Wednesday, September 20, 2006

The next step off a peak

is always down. You either step back or you fall off. I chose to step back this time, for a change. Getting older has its advantages sometimes. Man I need this workout too as even though I worked my butt off this weekend it is NOT the same thing as training and I was starting to feel weird.

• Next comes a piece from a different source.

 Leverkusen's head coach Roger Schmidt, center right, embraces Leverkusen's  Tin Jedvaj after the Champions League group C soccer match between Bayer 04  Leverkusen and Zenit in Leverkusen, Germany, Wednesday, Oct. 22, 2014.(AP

Standing and walking for twelve hours a day for four days is not my knees favorite thing but the old guy held on til monday, whereupon it said NO. So tons of stretching, massage and vibration tried to get it to unravel but I knew I just needed a workout. It pushes the reset button on my body.

Snatch Ladder
26x5/5/5/5x2
36x5/5/5/5x2

44x5/5
x6/6
x7/7
x8/8
x9/9
x10/10 :90 reps/3960#
53x5/5: 10 reps/ 530 #

total:100 reps /4490

Man these always feel rough when I havent trained it awhile.I had so many years of isolation training and with these creaky joints all the parts dont want to work toghether til they get nice and warm.

two hand swings
53x10x6 sets: 60 reps/3180 #

supersetted with Tactical pullups
6x5: 30 reps

finally warmed up and did these in true superset fashion back to back. my lungs were finally opening up. The swings were real easy just moving the parts. the pullups felt great.

one kb rack walk
36# x100 feetx6 laps: 600 feet continuous alternating arm rack side.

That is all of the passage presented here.